The first layer weights are now tensor([[ 0.5763,  0.9937,  0.7670,  0.2050],
        [ 1.0866,  0.3080,  0.3730,  0.4365]])
and the second layer's weights are now tensor([[ 0.0819,  0.8665],
        [ 0.3775,  0.7348],
        [ 0.5055,  0.1251],
        [ 0.6643,  0.0109]])


## Classifier Test - Toy Problem 3

We have just trained a multilayer classifier for Toy Problem 3.
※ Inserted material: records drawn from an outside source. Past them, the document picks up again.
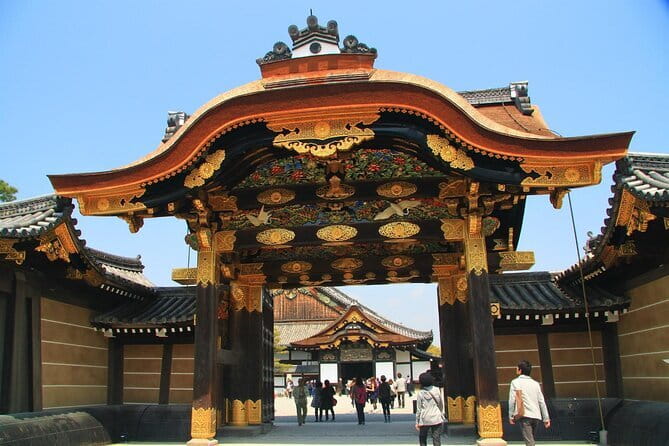 From Osaka or Kyoto: Full Day Sightseeing Tour of Kyoto - Lunch, walking, and the real pace of the day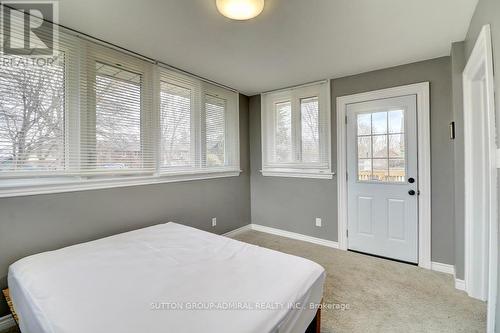 284 Richmond Street E, Oshawa, ON - Indoor Photo Showing Bedroom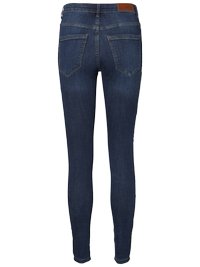 Jeans skinny azul escuro com uma textura suave, apresentando dois bolsos traseiros e um patch de couro castanho na cintura.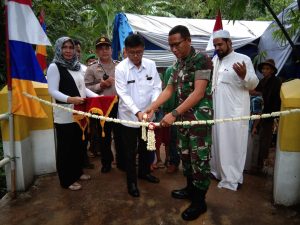 Permudah Transportasi ,TNI dan Masyarakat Bangun Jalan Serta Jembatan
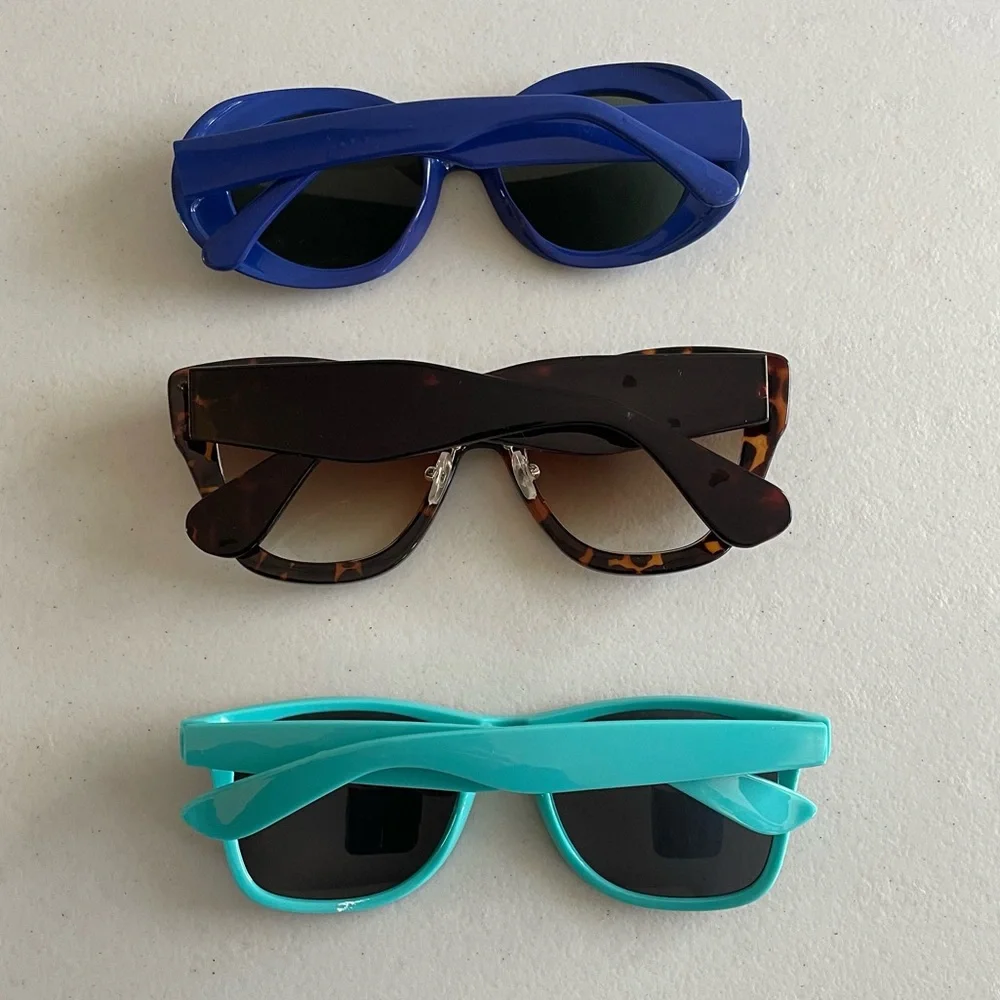 Three-Pair Sunglasses: women / unisex, non-prescription - Picture 2 of 3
It doesn't seem to be learning anything (the loss on the training data does not decrease).

But, to make sure, let us evaluate the performance of the classifier on the test data.

In [5]:
data = Data("data/toy_problem_3_test.txt")
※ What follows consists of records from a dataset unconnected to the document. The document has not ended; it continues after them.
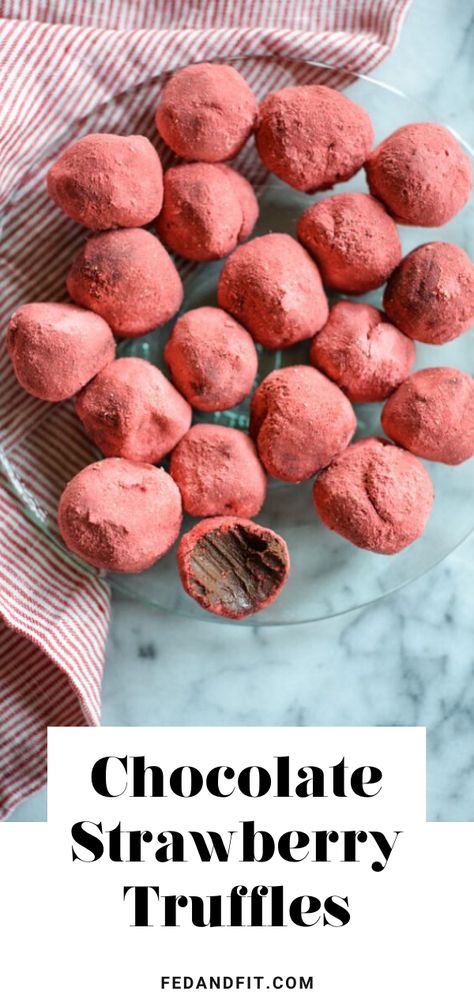 Strawberry Truffles, Tart Strawberry, Strawberry Truffle, Dairy Free Breakfast Recipes, Homemade Truffles, Best Chocolate Desserts, Strawberry Powder, Paleo Recipes Dessert, Cream Candy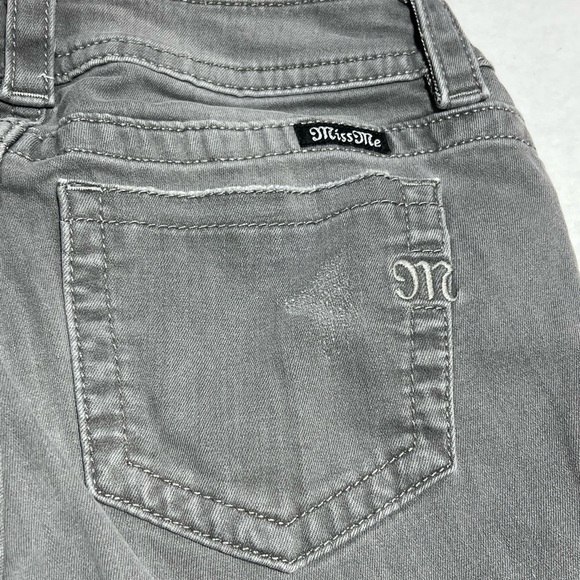 Miss Me jeans size 27 mid rise skinny jeans - Picture 2 of 7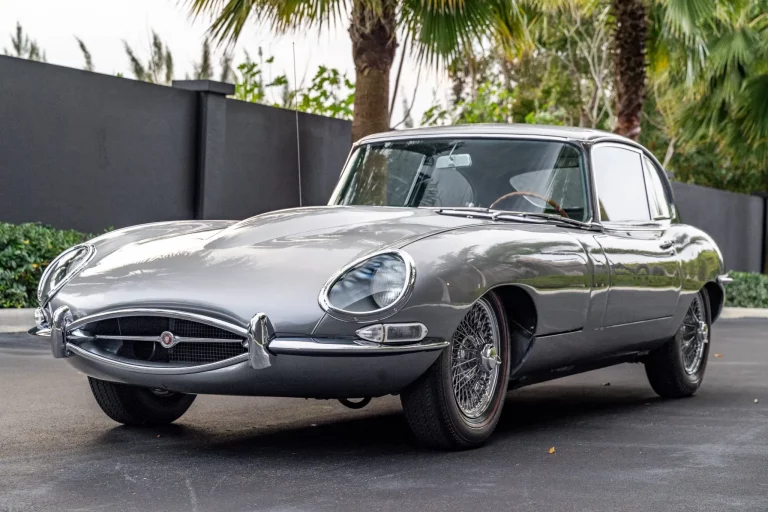 1966_jaguar_xke-22_1966_jaguar_xke-22_907520d9-cffe-4e4e-93b2-68918cc5421e-sSYXBE-35317-35318-scaled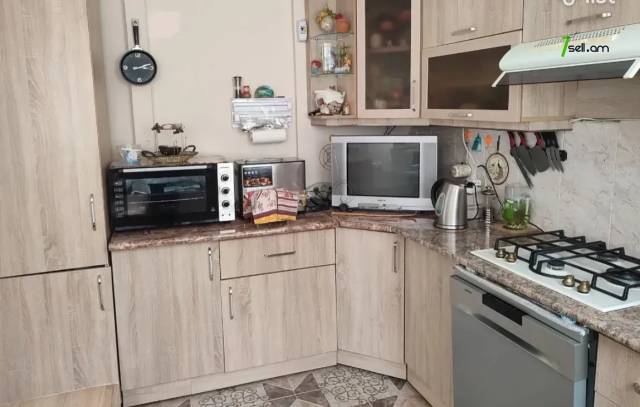 Մեկ հարկանի քարե տուն Խորենացու փողոցում Էրեբունիում, 90 քմ, կոսմետիկ վերանորոգում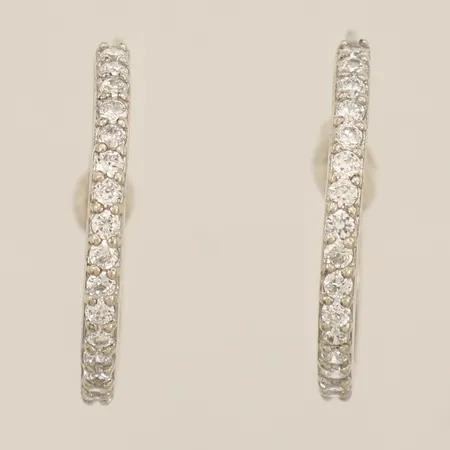Ett Par örhängen med vita stenar längd 26,3mm bredd 2,7mm silver 925/1000 Vikt: 4,7 g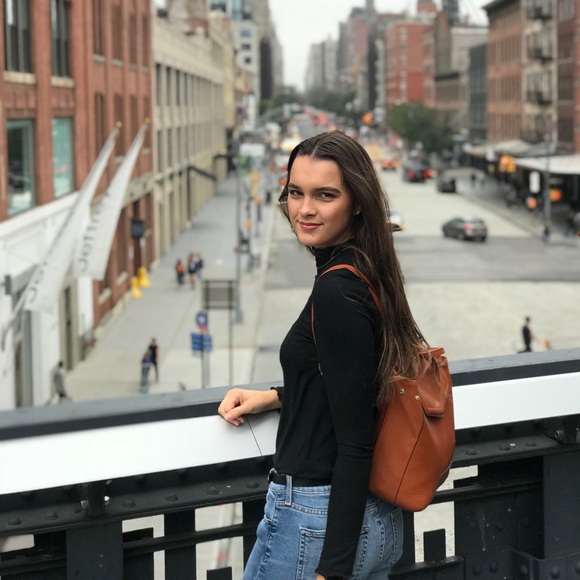 Meet your Posher, Kaitlyn - Picture 3 of 3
weights1 = torch.load("models/toy_problem_3_trained_deep_model_weights1.bin")
print(weights1)
weights2 = torch.load("models/toy_problem_3_trained_deep_model_weights2.bin")
print(weights2)

labels, features = data.get_all()

features = torch.autograd.Variable(torch.Tensor(features))
#print(features)

target = torch.autograd.Variable(torch.LongTensor(labels))
#print(target)

result = torch.mm(features, weights1)
result1 = F.sigmoid(result)
result2 = torch.mm(result1, weights2)
#print(result2)

maxv, observed = torch.max(result2, 1)

total = 0
correct = 0
for i in range(len(labels)):
    total += 1
    #print(str(target.data[i]) + " " + str(observed.data[i]))
    if target.data[i] == observed.data[i]:
        correct += 1
accuracy = correct / total
print("Accuracy: "+str(accuracy))

tensor([[ 0.5763,  0.9937,  0.7670,  0.2050],
        [ 1.0866,  0.3080,  0.3730,  0.4365]])
tensor([[ 0.0819,  0.8665],
        [ 0.3775,  0.7348],
        [ 0.5055,  0.1251],
        [ 0.6643,  0.0109]])
Accuracy: 0.523


As you can see, the accuracy is around 50%.

This the classifier hasn't learnt anything at all.

It tells us that the multi-layer neural network (without a bias term) was **not able to learn the non-linear XOR function using the sigmoid activation function**, though **it was able to learn the same function using the ReLU** activation function.

Note:  This does not mean that a multi-layer neural network (using sigmoid activation) can never learn the non-linear XOR function.  It can, as we shall see in the next exercise - if the neural network uses bias parameters in each layer in addition to the weights.